## Information supplied:
————

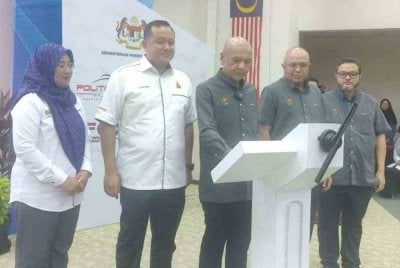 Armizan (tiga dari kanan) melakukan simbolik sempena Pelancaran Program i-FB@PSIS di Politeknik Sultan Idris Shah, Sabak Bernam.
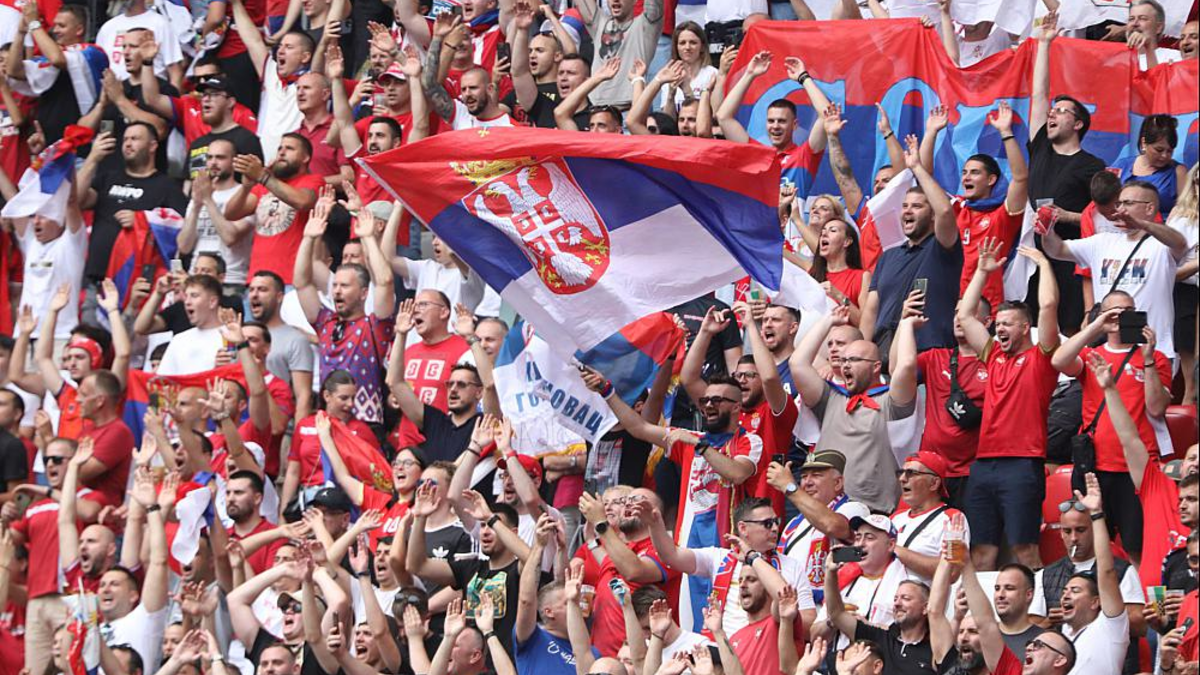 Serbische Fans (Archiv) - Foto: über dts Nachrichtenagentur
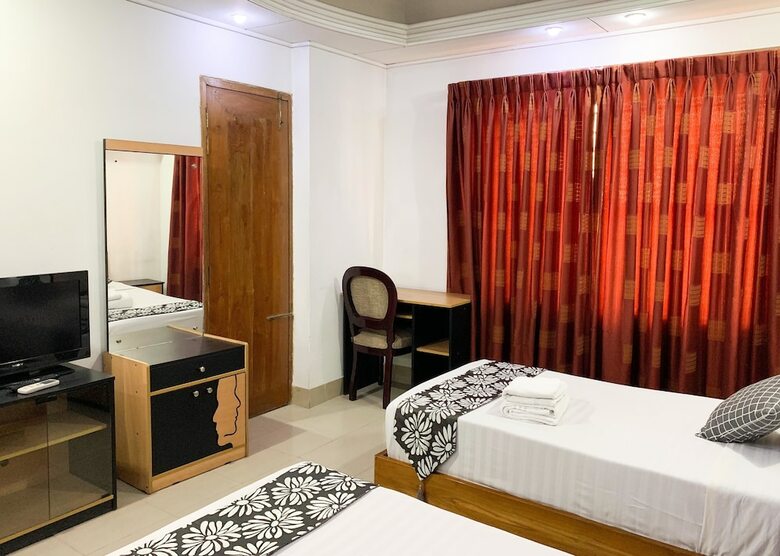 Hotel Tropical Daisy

————

## Exercise:
Using the listing above, write out exactly the lines from the one that holds "Serbische Fans (Archiv)" through the last line, both included, and omit pictures.

## Task output:
 Serbische Fans (Archiv) - Foto: über dts Nachrichtenagentur
 Hotel Tropical Daisy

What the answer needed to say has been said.